After the discovery of gold deposits in the Witwatersrand, trains operated on this line discretely, hidden from the white public eye by the night. A mutually beneficial economic relationship developed between Mozambique and South Africa, wherein ‘rail traffic [was] traded for human traffic.’ Van Onselen challenges Eurocentric conceptualisations of the train as a machine of progress and civilisation. He illustrates how several interested parties, namely, the Witwatersrand Native Labour Association (WNLA), the South African Railways (SAR) and the colonial and Apartheid governments of both countries, made unlikely alliances to concoct a brutal scheme that resulted in the impoverishment, torment, and dehumanization of black men from the Sul du Save. This process of impoverishment was facilitated by these night trains. Van Onselen demonstrates how a harsh economy under the Portuguese in Mozambique made contracts offered by mines more appealing for black men, even though those wages steadily declined. There was no ‘hidden hand of the market’ causing wholly voluntary migration to the mines, instead, poor men chose the lesser of two evils.

Onboard night trains, men were never given full passenger status and experienced something more akin to ‘mobile incarceration’. Racist thinking and profit maximisation shaped both the operationalisation of these trains and the relationship of black men with this system. In the journeys between Johannesburg and Lourenço Marques, men were referred to as neither miners nor passengers, but rather as ‘recruits’, ‘mine natives’, ‘natives in batches’ and the like, an illustration of their commodification and dehumanization. On the journey home (in what became known as ‘down trains’), the author shows how many of these men were essentially the ‘living death’, either physically, mentally, or emotionally. Life in the mines and mine compounds had been harsh, separated from family life and subjected to dangerous work environments. Many men contracted diseases such as pneumonia, silicosis, and tuberculosis, whilst some battled mental illness, alcoholism, and drug abuse. On down trains, many lives were lost because there was no real healthcare except unstaffed medical coaches and brandy to soothe the pain. There was also always the risk of fatal accidents. Train disasters, for example, dealt with in chapter 9, were always judged as just that…accidents, by investigating bodies. However, van Onselen argues that racist mentalities in white society, more specifically, among white railway staff, may have contributed to the occurrence of these train disasters through deliberate neglect. For those who survived, stops during the down journey were characterised by theft, harassment, and conning by hawkers trying to get access to the men’s hard-earned wages before they reached home.

In the final chapter, the author closes off by illustrating that the black men from the Sul du Save did ultimately have a sense of political consciousness.
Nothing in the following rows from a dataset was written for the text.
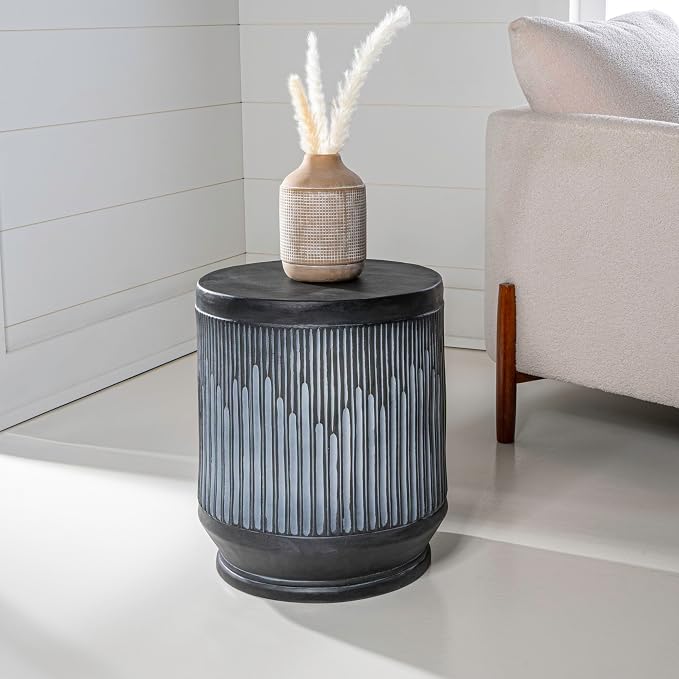 JONATHAN Y Kline Ribbed Resin Modern Outdoor Accent Table, 17.5" H All-Weather Washed Black Patio Drum Side Table and Garden Stool for Pool, Porch, and Living Room TBL1103C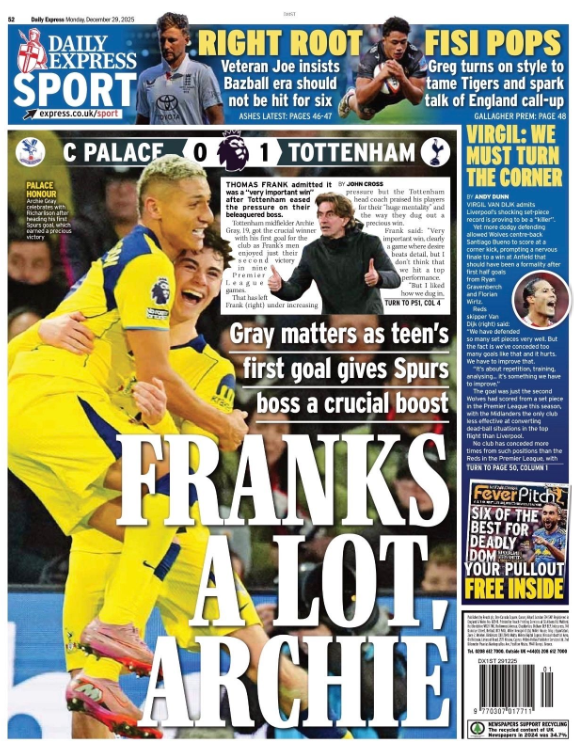 Back page of the Express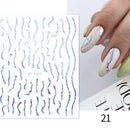 1PC Silver Gold Lines Stripe 3D Nail Sticker Geometric Waved Star Heart Self Adhesive Slider Papers Nail Art Transfer Stickers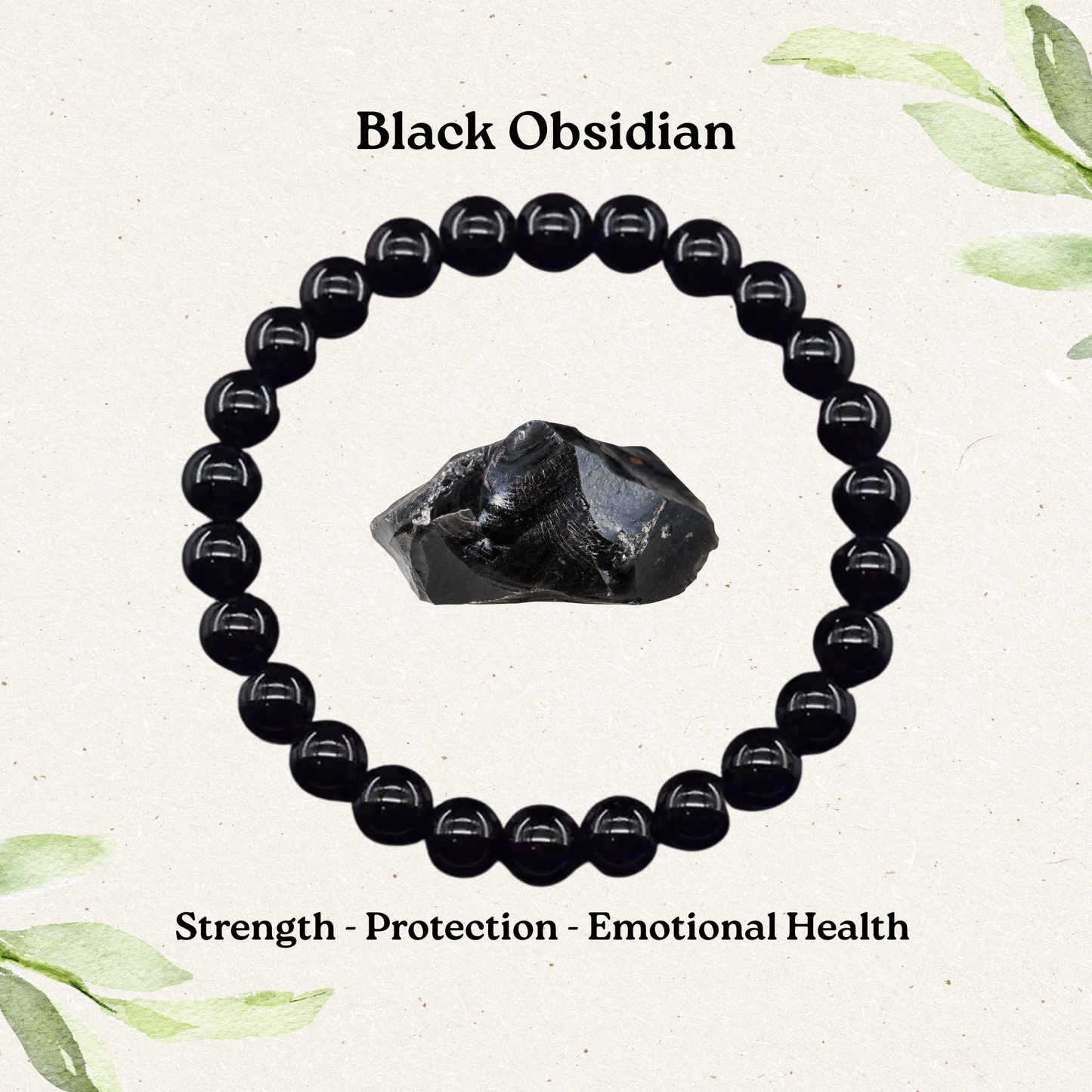 Black Obsidian Bracelet – Strength & Protection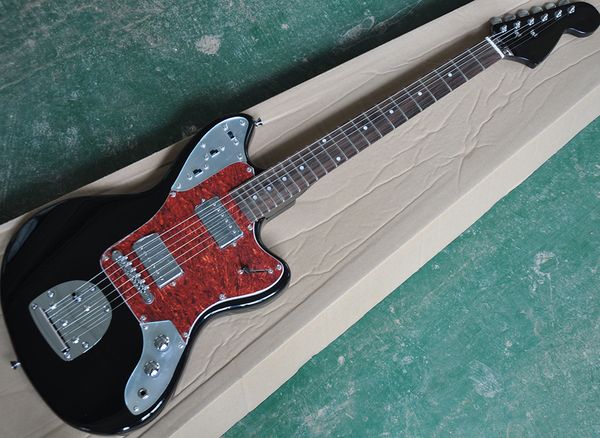 La guitare électrique noire en gros d'usine avec picture de pincement rouge perlé, micros de fer, manche en palissandre, offrant un service personnalisé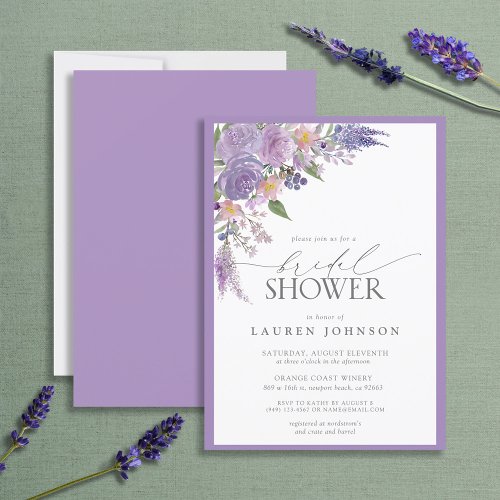 Elegant Lilac Lavender Watercolor Bridal Shower Invitation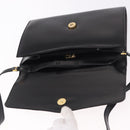 GUCCI Shoulder Bag Leather Black Gold Auth 187368-10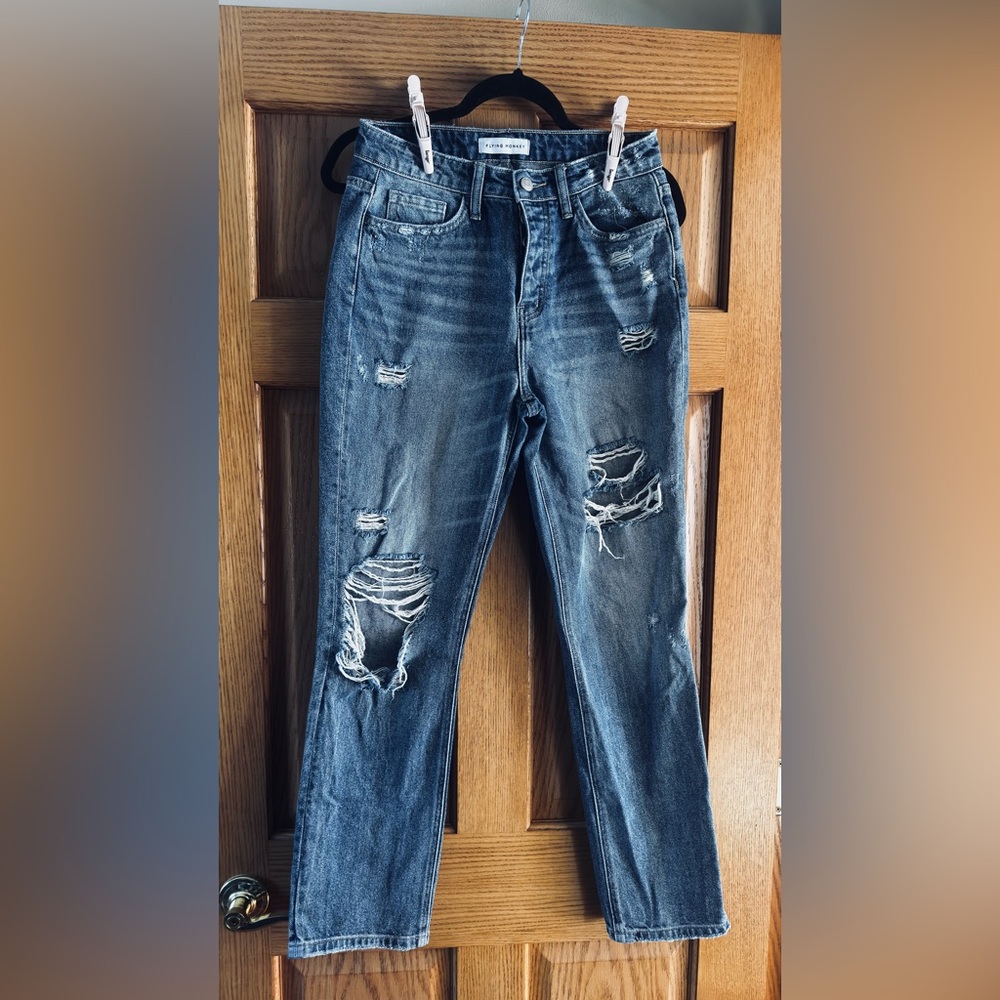 Flying Monkey Distressed Blue Boyfriend Jeans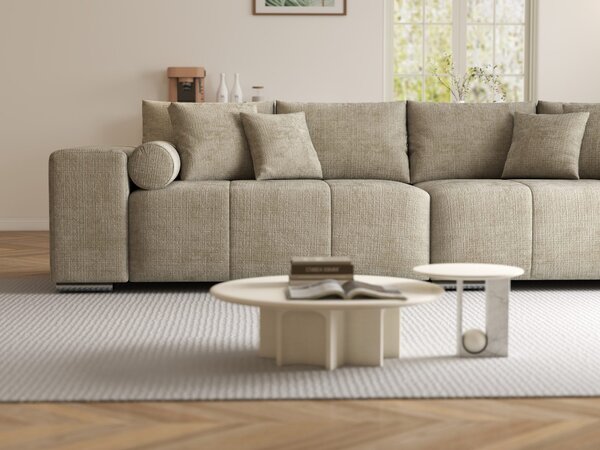 Canapea extensibilă dumonde cu ladă de depozitare Marbela XXL Cremona Bej 14 295x120 cm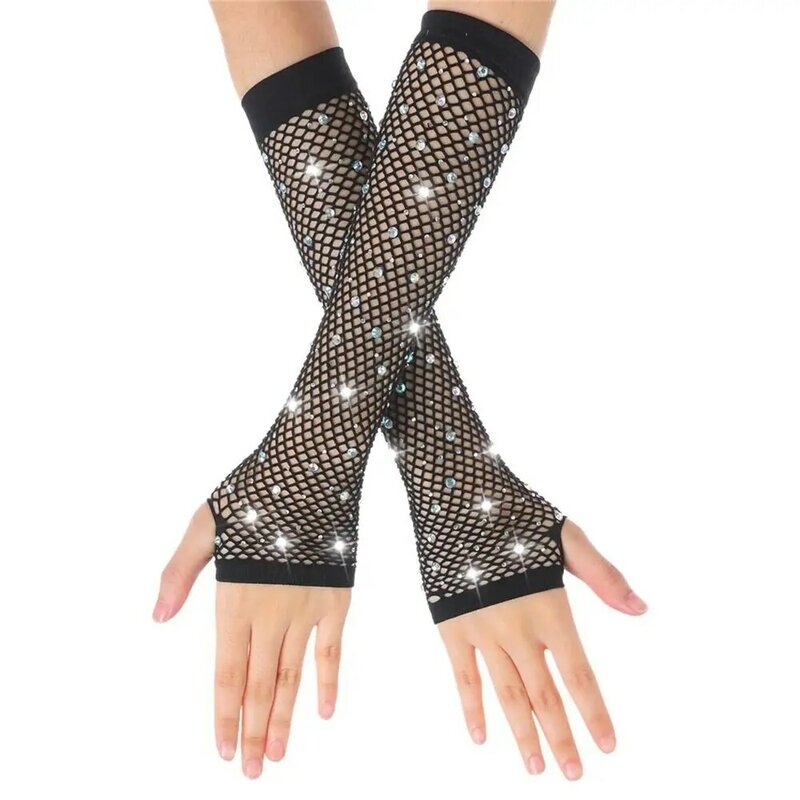 Sarung tangan jaring ikan wanita, kinerja kilat berlian sarung tangan jala berongga elastis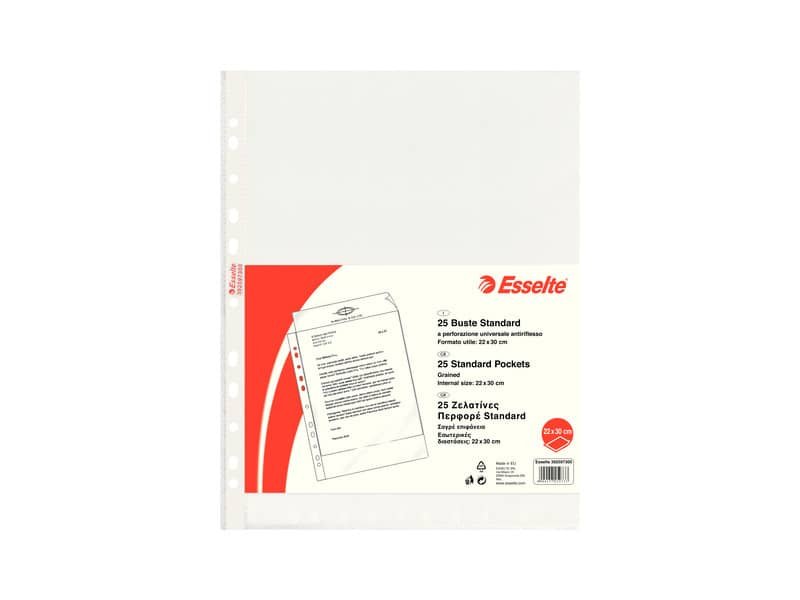 Buste a perforazione universale goffrate Esselte STANDARD PP antiriflesso 22×30 cm conf.25 – 392597300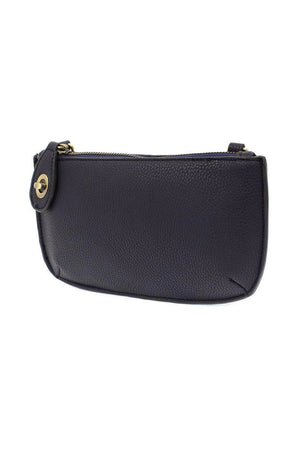 Vegan Leather Mini Crossbody Clutch - Navy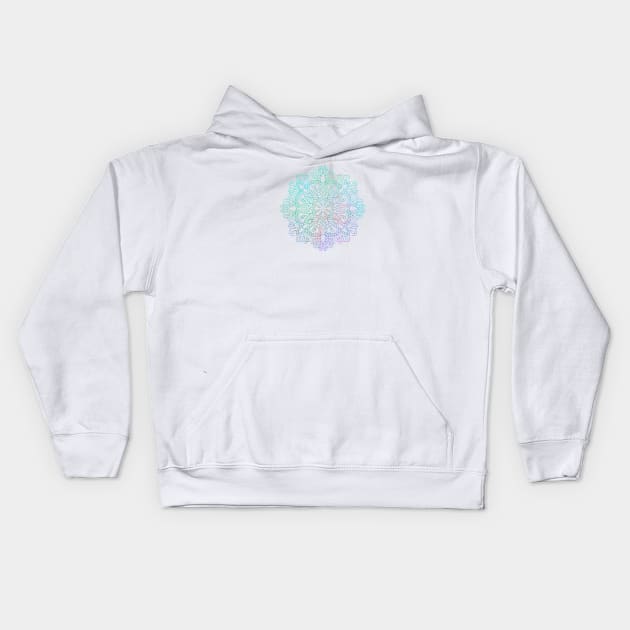 Iridescent Rainbow Mandala Kids Hoodie by NatureMagick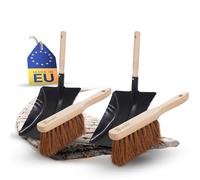 Novaliv Lot de 3 pelles à poussière en métal laqué noir avec poils souples en fibre de coco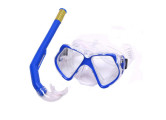 Набор для плавания взрослый Sportex маска+трубка (ПВХ) E41231 синий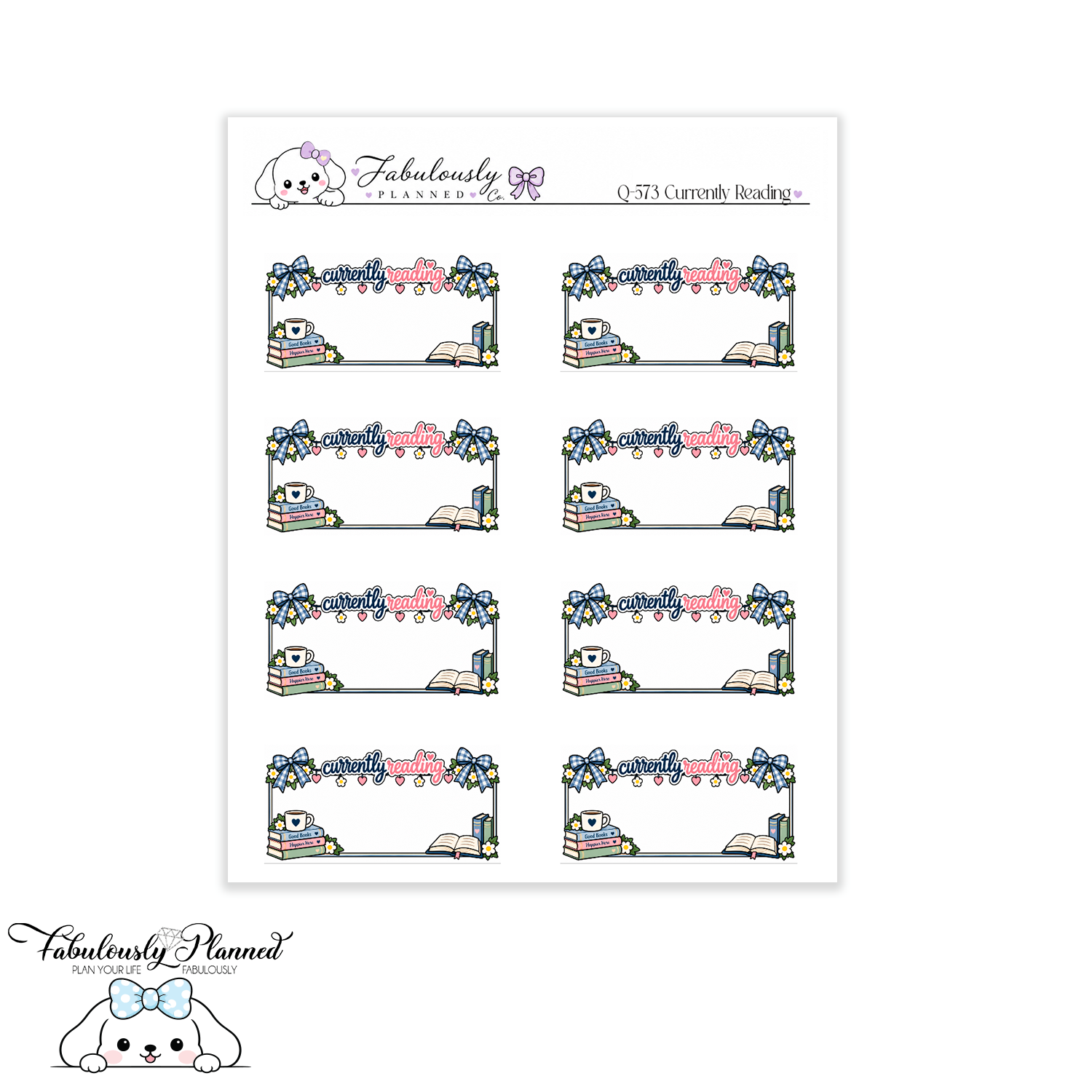 Currently Reading Planner Stickers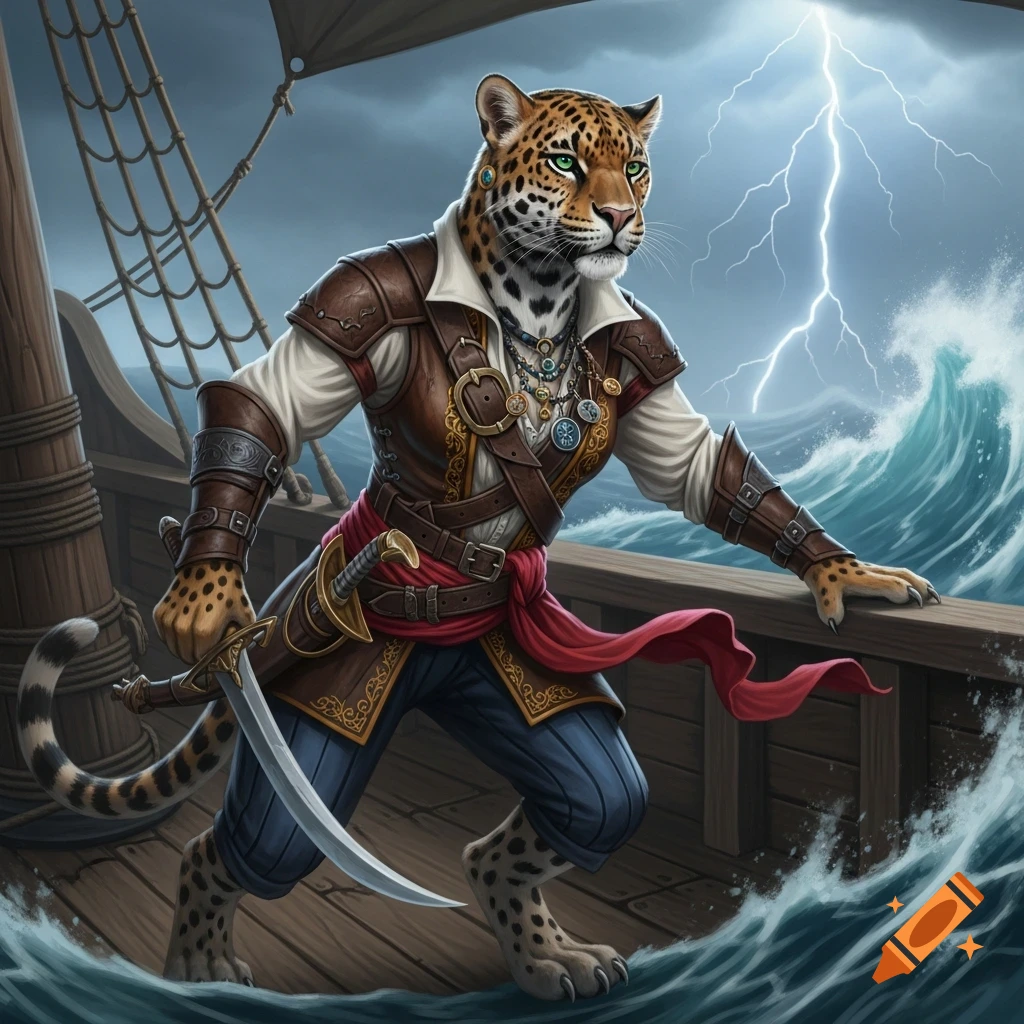 Anthropomorphic jaguar pirate with a sword on a storm-tossed ship, lightning in the sky and waves crashing.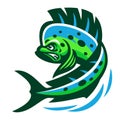 Mahi-Mahi Fish Mascot Logo Illustration Royalty Free Stock Photo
This is exemplified in the formation of political organisations such as the Union of Natives of the Mozambique province. Slightly more attention could have been paid to this aspect. Throughout the book, these men are represented mostly as helpless participants, with very minimal agency. The exception to this is the brief discussion of the cognizance of those who weighed their options and chose unfavourable contracts at the mines. Additionally, the author only mentions men who fled from the trains when opportunities arose, yet this could have been an interesting point to engage with one dimension of their resistance. Barring this criticism however, the book is a well nuanced, yet simple enough read that is suitable for both scholars and non-scholars alike.

References:

[1] C. van Onselen, The Night Trains: Moving Mozambican Miners to and from South Africa, circa 1902-1955. (Jonathan Ball, 2019) p. 5.